Your goal
Up to and including the line with "Bright common area with seating and artwork", write out the listing from its first line, minus the pictures.
┌─ Data for processing
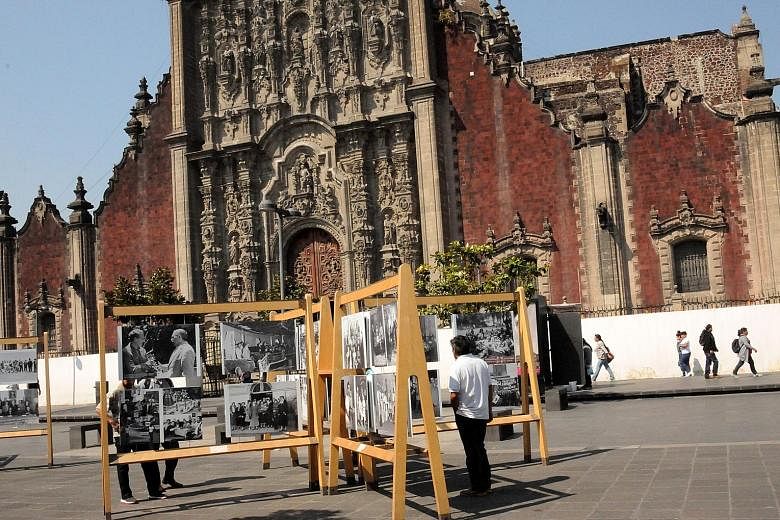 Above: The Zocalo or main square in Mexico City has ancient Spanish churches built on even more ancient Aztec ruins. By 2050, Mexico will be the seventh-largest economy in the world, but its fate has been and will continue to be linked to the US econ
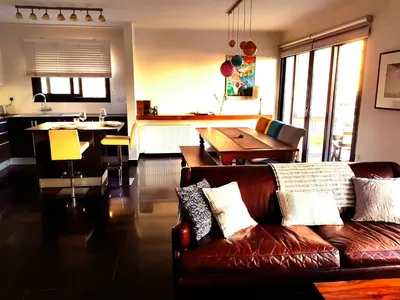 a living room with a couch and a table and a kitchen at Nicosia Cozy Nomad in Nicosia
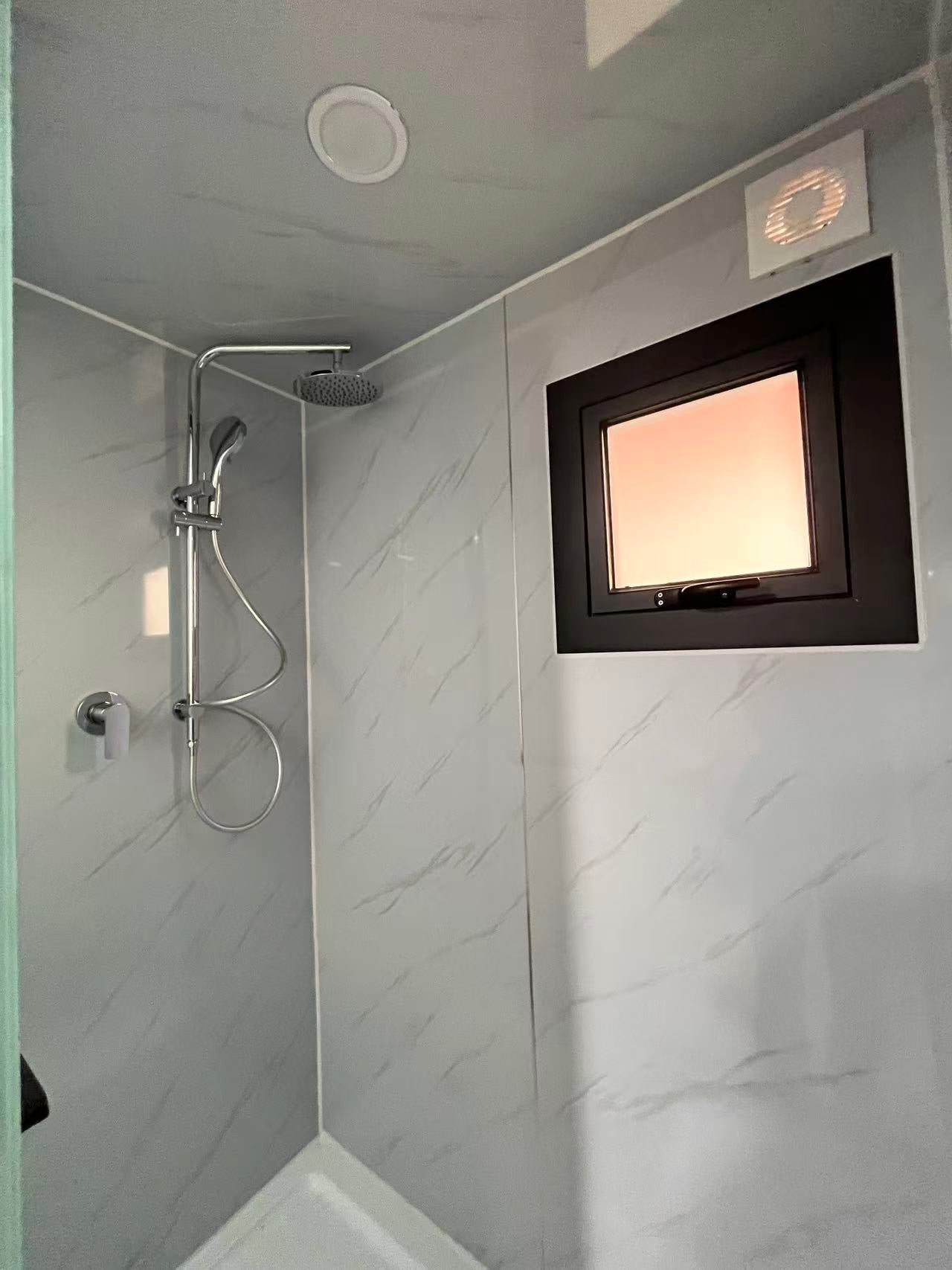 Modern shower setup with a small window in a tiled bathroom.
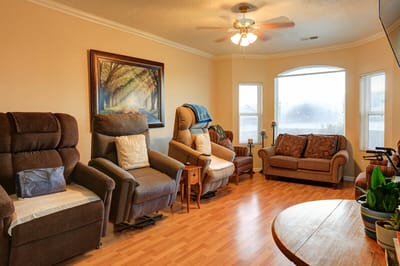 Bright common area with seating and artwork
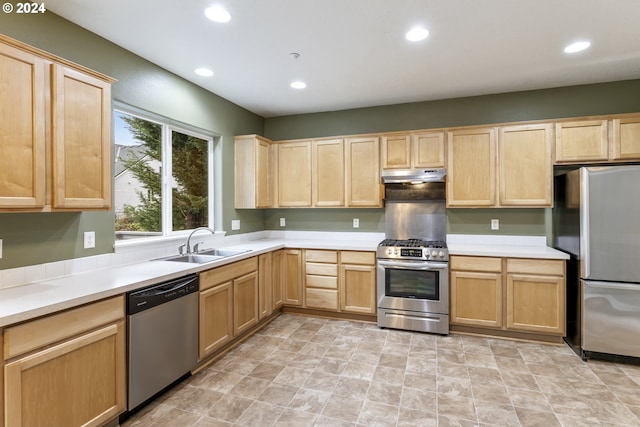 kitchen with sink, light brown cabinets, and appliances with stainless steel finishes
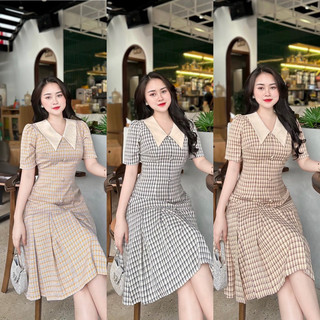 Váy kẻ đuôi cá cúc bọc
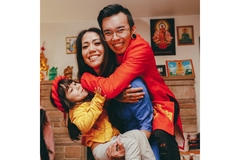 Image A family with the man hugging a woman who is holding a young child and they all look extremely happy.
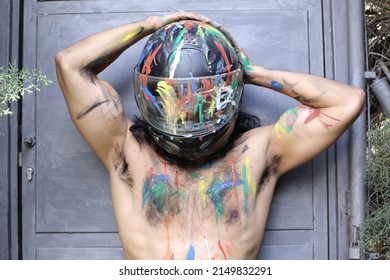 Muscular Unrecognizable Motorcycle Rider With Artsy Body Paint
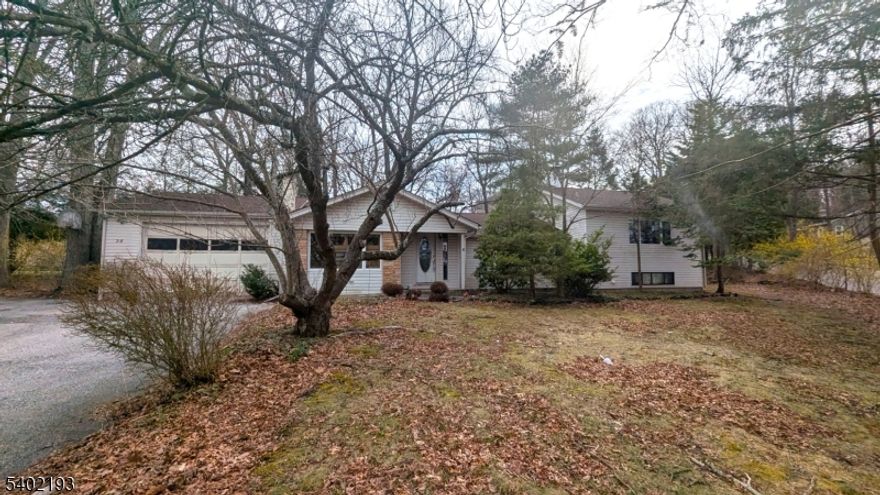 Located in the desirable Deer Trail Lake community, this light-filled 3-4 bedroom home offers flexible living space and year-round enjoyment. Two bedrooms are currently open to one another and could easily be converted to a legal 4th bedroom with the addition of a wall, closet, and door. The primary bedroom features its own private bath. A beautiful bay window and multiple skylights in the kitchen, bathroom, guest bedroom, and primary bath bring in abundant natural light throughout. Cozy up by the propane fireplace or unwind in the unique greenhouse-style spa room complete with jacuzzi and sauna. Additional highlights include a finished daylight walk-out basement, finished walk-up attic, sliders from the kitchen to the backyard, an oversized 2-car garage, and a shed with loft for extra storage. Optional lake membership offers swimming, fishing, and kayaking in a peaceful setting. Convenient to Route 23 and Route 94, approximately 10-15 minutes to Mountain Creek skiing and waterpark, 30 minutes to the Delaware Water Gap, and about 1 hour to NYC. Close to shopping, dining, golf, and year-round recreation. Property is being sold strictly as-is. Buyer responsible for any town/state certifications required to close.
└─
Solution for this problem
 Above: The Zocalo or main square in Mexico City has ancient Spanish churches built on even more ancient Aztec ruins. By 2050, Mexico will be the seventh-largest economy in the world, but its fate has been and will continue to be linked to the US econ
 a living room with a couch and a table and a kitchen at Nicosia Cozy Nomad in Nicosia
 Modern shower setup with a small window in a tiled bathroom.
 Bright common area with seating and artwork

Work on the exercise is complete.